O conceito de justificação diz que: “A justificação é um ato judicial de Deus no


qual Ele declara, baseado na justiça de Jesus Cristo, que todas as exigências da lei estão
satisfeitas com respeito ao pecador” (BERKHOF, 1999, p. 510). Portanto, a justificação
pela fé se opõe à condenação. Ela é uma ação única e legal (jurídica) que extrai a culpa
do pecado e impõe a restauração ao homem pecador e a sua condição de “filho de
Deus”, em todos os seus direitos, privilégios e deveres.

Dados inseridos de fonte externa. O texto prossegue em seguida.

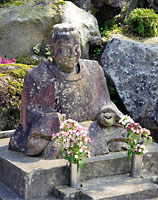 岩満の田の神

A justificação não é um ato interno, ou seja, não ocorre no interior da vida do


pecador; não produz alterações no seu caráter, ela acontece na esfera do Tribunal de
Deus. Justificação é uma afirmação, é um ato santificador, é um ato transformador
externo ou um ato que parte de Deus em direção ao homem pecador sem que o homem
se mova em direção a Ele. Ainda assim, é a partir da justificação que o Espírito Santo
inicia todo o processo de santificação no homem pecador até que esse seja totalmente
glorificado.
158
Existem dois elementos de importância magna que são a “remissão de pecados”
e a “imputação da justiça de Cristo” ao homem.

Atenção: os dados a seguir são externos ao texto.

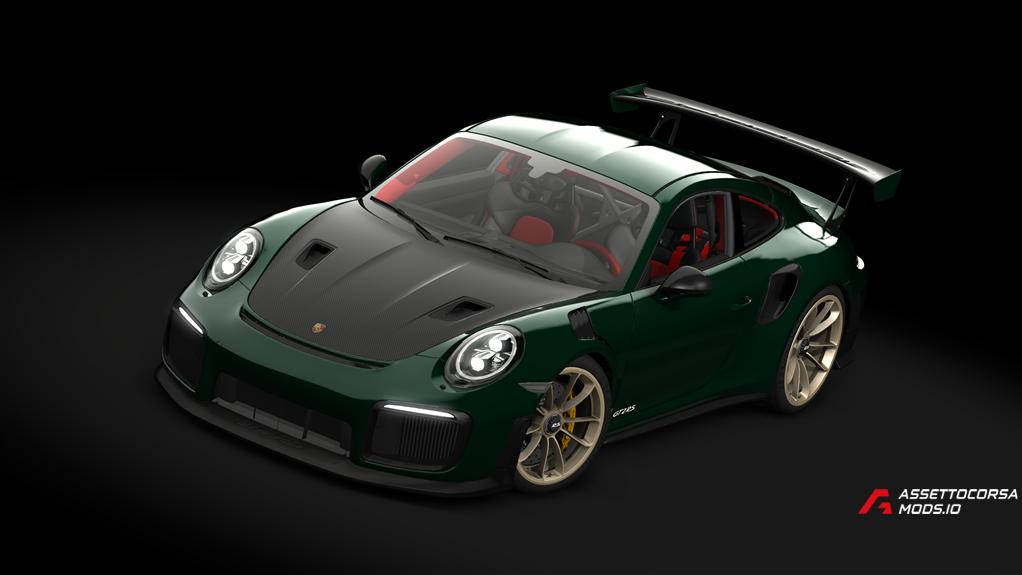 Porsche 911 GT2 RS Clubsport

2 IMPUTABILIDADE DO PECADO
Segundo Granconato (2009), “Imputar significa atribuir, identificar ou entregar
algo a alguém. O aspecto central desse conceito não é a mera influência, mas o
envolvimento”. No caso do pecado, trata-se da “culpa do pecado” (BÍBLIA SAGRADA, Lv
17.4; 1Sm 22.15; Sl 32.2; Tg 2.23; 2Co 5.19).

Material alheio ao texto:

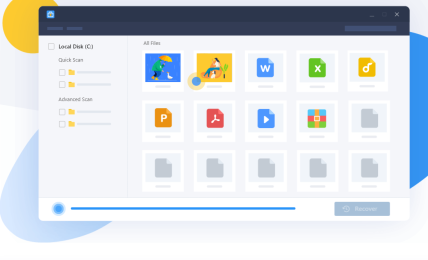 EaseUS Free Data Recovery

O conceito está relacionado com três doutrinas teológicas: a do pecado


original, o qual já vimos e que significa que a culpa de Adão é atribuída a todos os seus
descendentes: a doutrina da expiação, em que os pecados dos homens são imputados
a Cristo; e a doutrina da justificação, no que a justiça de Cristo é imputada aos homens,
nesse caso, pode-se dizer que o conceito de imputação está intensamente unido à
reconciliação entre Deus e o ser humano. No entanto, para efeitos de coerência com
o tópico, é importante falar de “imputação de pecado”, tanto da imputação do pecado
original, de Adão a todos os homens, quanto da imputação do pecado de todos os
homens a Cristo.

Considera-se que o pecado original é uma deformidade da natureza humana,


motivada pela queda do homem no pecado, e incide na perda e, por conseguinte, na falta
de integridade original. O pecado original consiste na culpa herdada, que fora imputada
a todos os descendentes do primeiro homem e também na corrupção hereditária, que é
comunicada ao homem através da condição geracional.

Em referência à imputação do pecado original, os teólogos costumam fazer


distinções e recorrentemente discordar quanto à imputação mediata e imediata.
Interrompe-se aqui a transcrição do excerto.